2020-25264. Self-Regulatory Organizations; Miami International Securities Exchange LLC; Notice of Filing and Immediate Effectiveness of a Proposed Rule Change To Amend the Exchange's Amended and Restated Certificate of Formation, Second Amended and ...  

  • Start Preamble Start Printed Page 73318 November 10, 2020.

    Pursuant to the provisions of Section 19(b)(1) of the Securities Exchange Act of 1934 (“Act”) [1] and Rule 19b-4 thereunder,[2] notice is hereby given that on October 28, 2020, Miami International Securities Exchange LLC (“MIAX Options” or “Exchange”) filed with the Securities and Exchange Commission (“Commission”) a proposed rule change as described in Items I and II below, which Items have been prepared by the Exchange. The Commission is publishing this notice to solicit comments on the proposed rule change from interested persons.
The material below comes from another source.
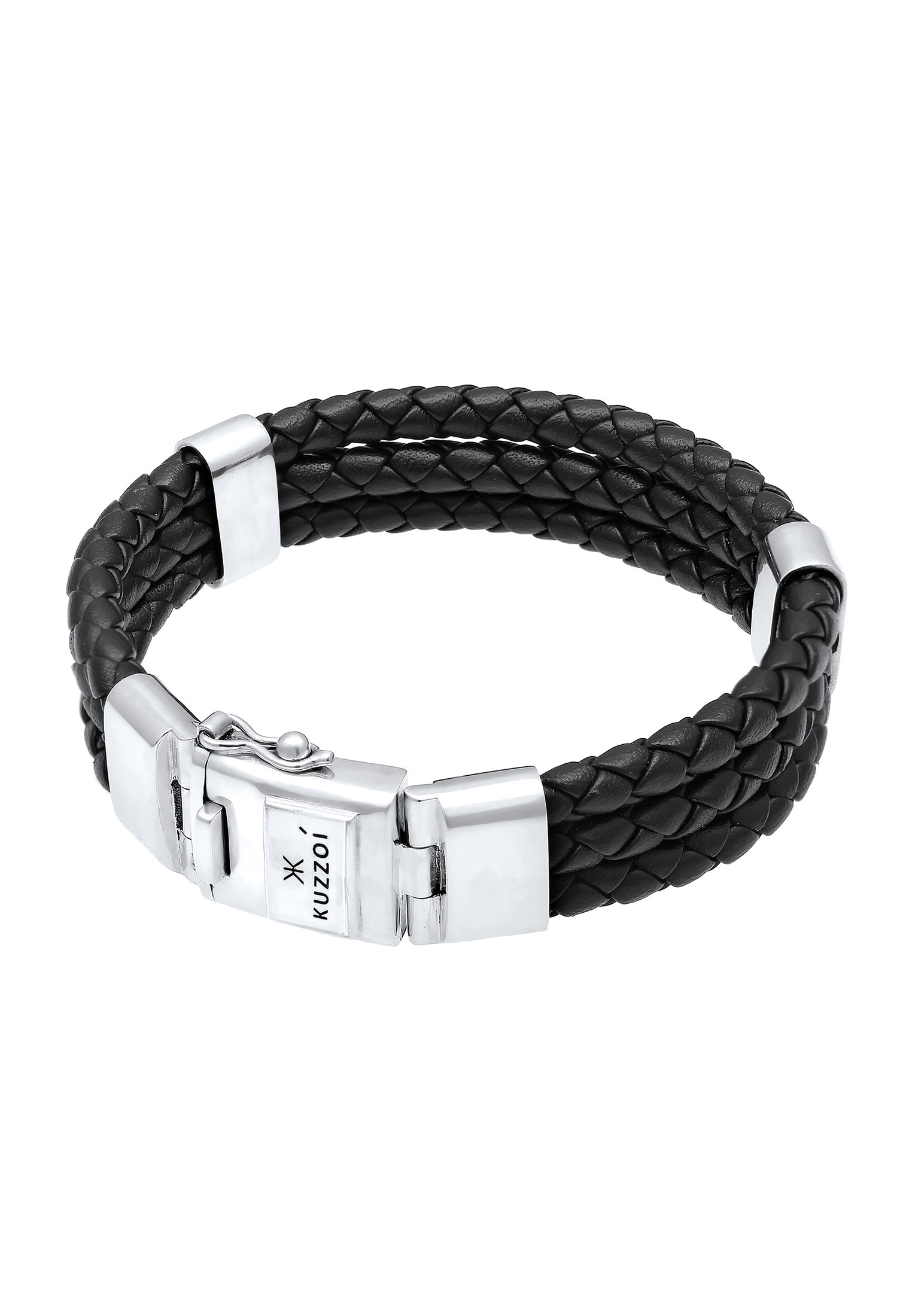 Kuzzoi Armband Kastenverschluss bestellen BAUR 925er »Leder ▷ Silber« Geflochten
    I. Self-Regulatory Organization's Statement of the Terms of Substance of the Proposed Rule Change

    The Exchange is filing a proposal to amend the Exchange's Amended and Restated Certificate of Formation (the “Certificate of Formation”), Second Amended and Restated Limited Liability Company Agreement (the “LLC Agreement”), and the Amended and Restated By-Laws (the “By-Laws”).

    The text of the proposed rule change is available on the Exchange's website at http://www.miaxoptions.com/​rule-filings/​ at MIAX Options' principal office, and at the Commission's Public Reference Room.

    II. Self-Regulatory Organization's Statement of the Purpose of, and Statutory Basis for, the Proposed Rule Change

    In its filing with the Commission, the Exchange included statements concerning the purpose of and basis for the proposed rule change and discussed any comments it received on the proposed rule change. The text of these statements may be examined at the places specified in Item IV below. The Exchange has prepared summaries, set forth in sections A, B, and C below, of the most significant aspects of such statements.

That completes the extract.